Data extracts:
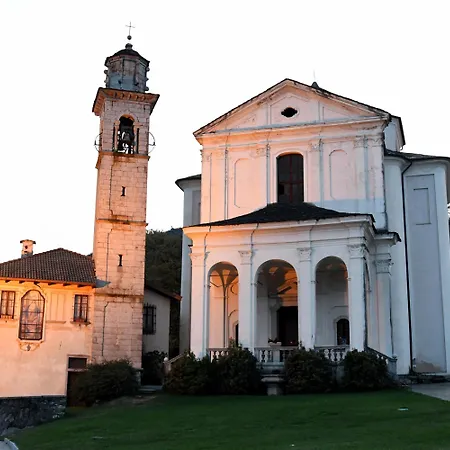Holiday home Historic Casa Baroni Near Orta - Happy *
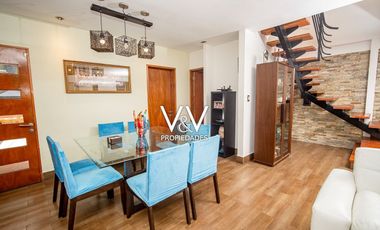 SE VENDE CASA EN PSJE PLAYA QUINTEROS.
...
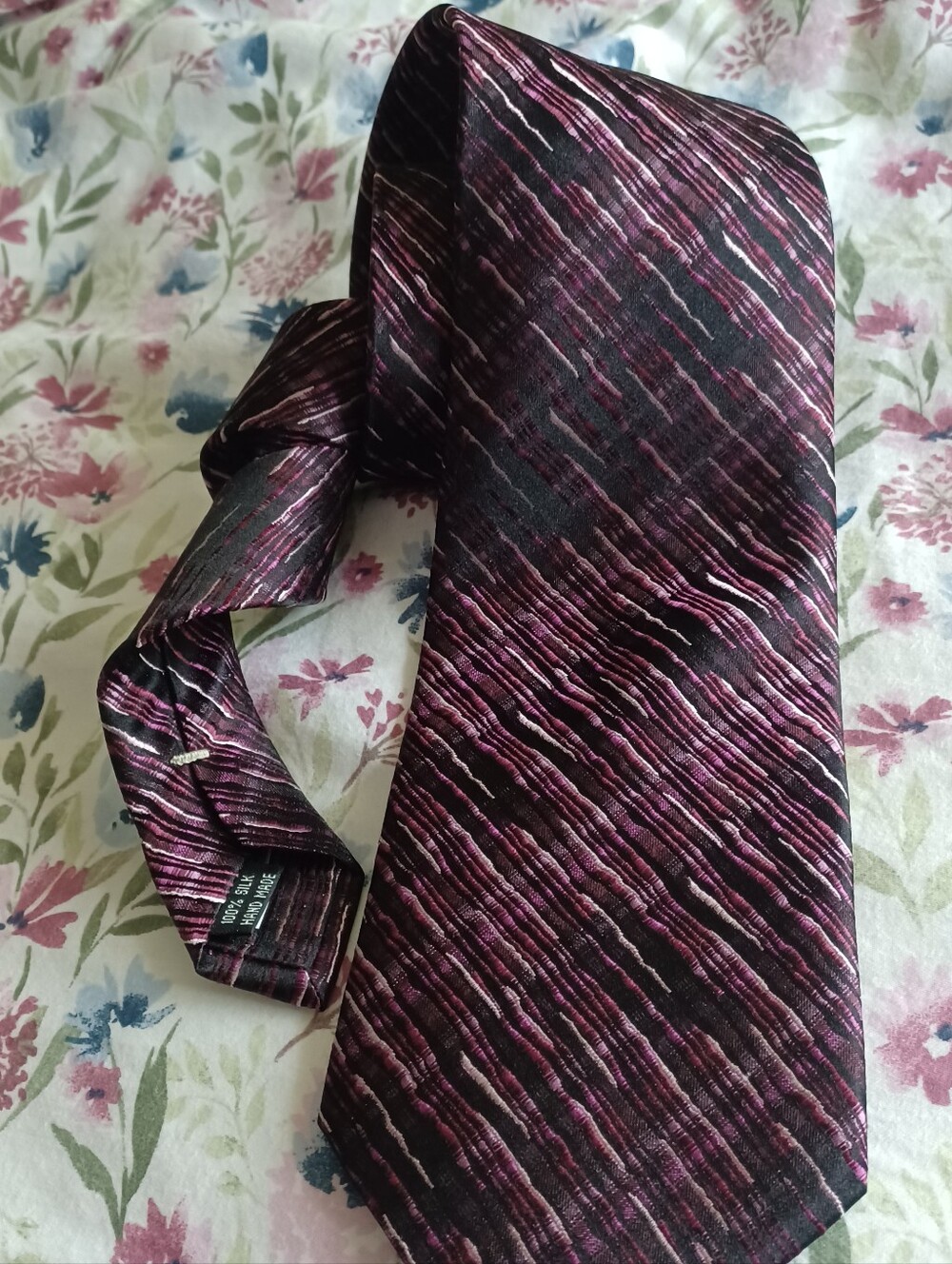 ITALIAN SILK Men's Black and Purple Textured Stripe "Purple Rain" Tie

Assignment:
Working from the entries above, please transcribe only the lines from the line with "Holiday home Historic" through the line with "SE VENDE CASA EN PSJE PLAYA QUINTEROS.", exactly, with both end lines and without pictures.

Exercise output:
Holiday home Historic Casa Baroni Near Orta - Happy *
 SE VENDE CASA EN PSJE PLAYA QUINTEROS.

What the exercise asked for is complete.